Arbitrages budgétaires et message adressé aux entreprises

Au-delà du rendement, l'exécutif doit trancher le signal envoyé aux directions financières et aux marchés. Le ministère de l'Économie défend régulièrement la visibilité et l'attractivité du cadre français pour l'investissement, notamment productif. L'équation est délicate : financer l'ajustement budgétaire tout en évitant un choc de confiance pour les entreprises, les ETI industrielles et les acteurs du numérique.

Une voie de compromis consisterait à coupler la taxe avec des soupapes : exemptions pour les actifs clairement productifs, plafonds anti-raz-de-marée pour les entreprises en hyper-croissance, règles d'évaluation des titres non cotés limitant la cyclicité, et clauses de revue à intervalles réguliers. L'expérience récente plaide pour un calibrage précis, assorti d'un suivi statistique robuste par l'Insee et la DGFIP.

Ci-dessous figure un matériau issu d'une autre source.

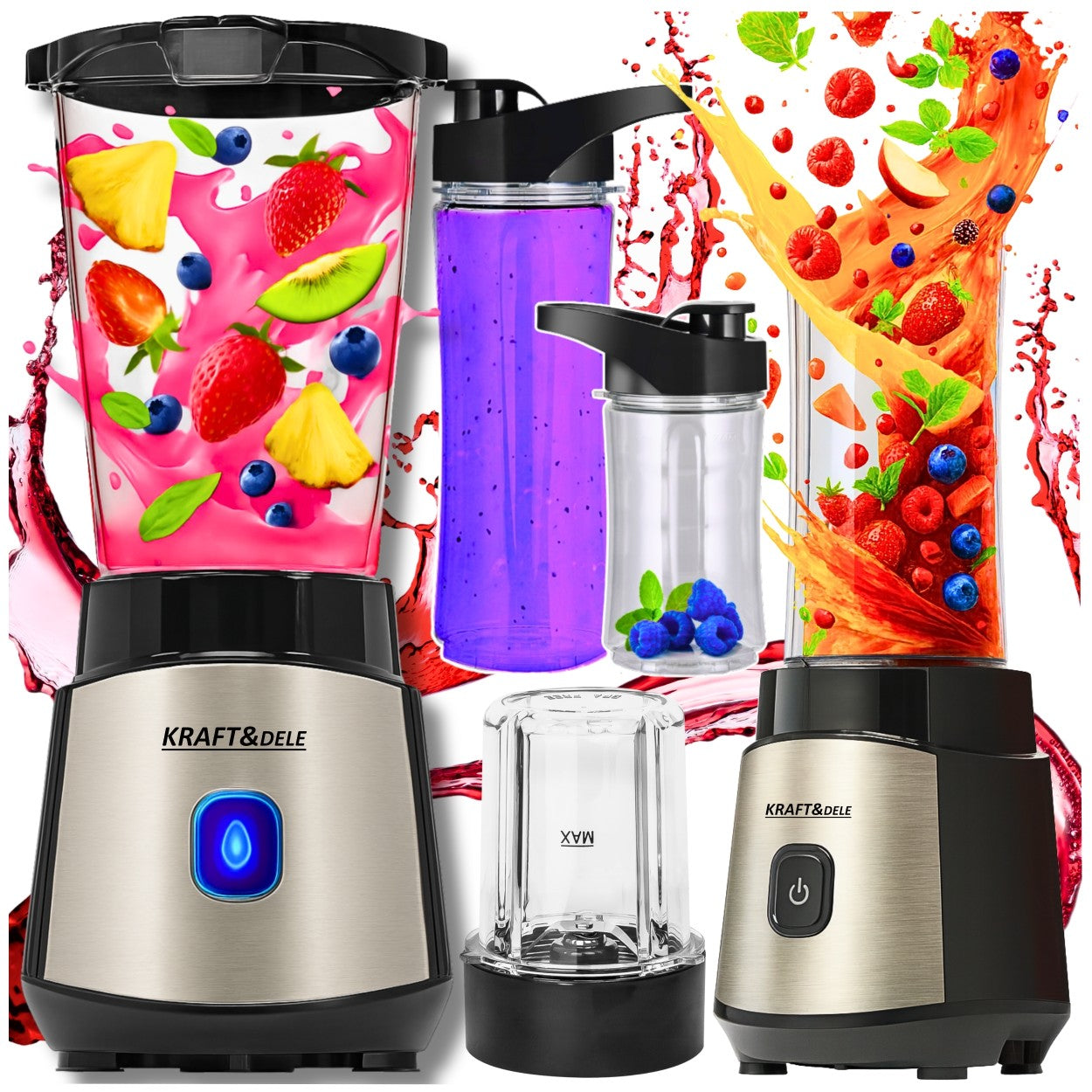 CUP BLENDER SMOOTHIE COCKTAIL MIXER CRUSHES ICE 1500W + 2 WATER BOTTLES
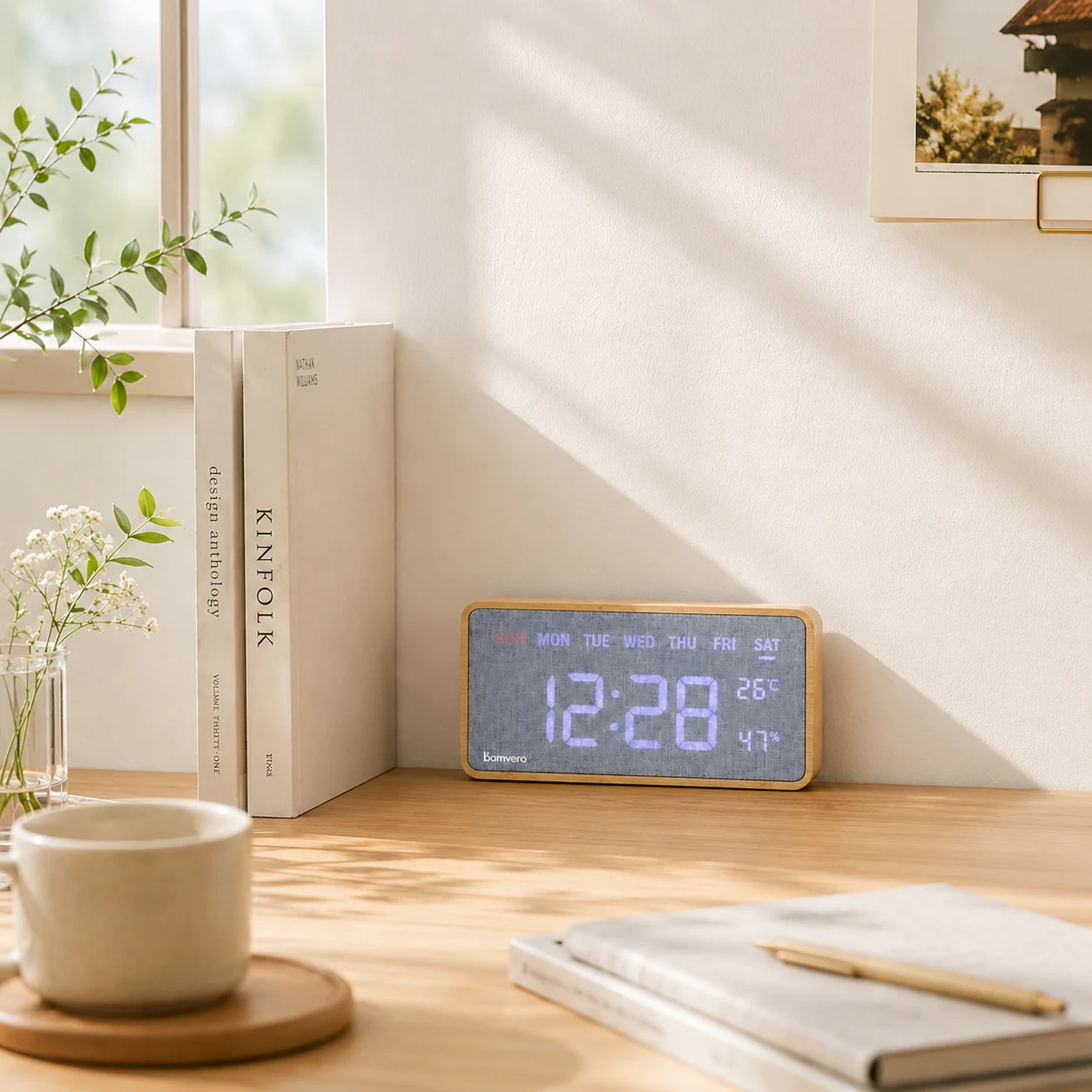 Bamboo LED clock scene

Prochain tournant au parlement

Le débat de ce 17 septembre au Sénat ouvre une séquence qui pourrait conduire à des ajustements substantiels du texte. Les points sensibles sont identifiés : définition des actifs professionnels, prévention du contournement et effets sur le financement des entreprises en croissance. Le besoin de 40 milliards d'euros pour 2026 demeurant, une partie de la réponse passera probablement par une diversification des leviers.

Les marchés, les directions financières et l'écosystème startup attendent désormais des clarifications nettes pour calibrer leur stratégie à l'horizon 2026.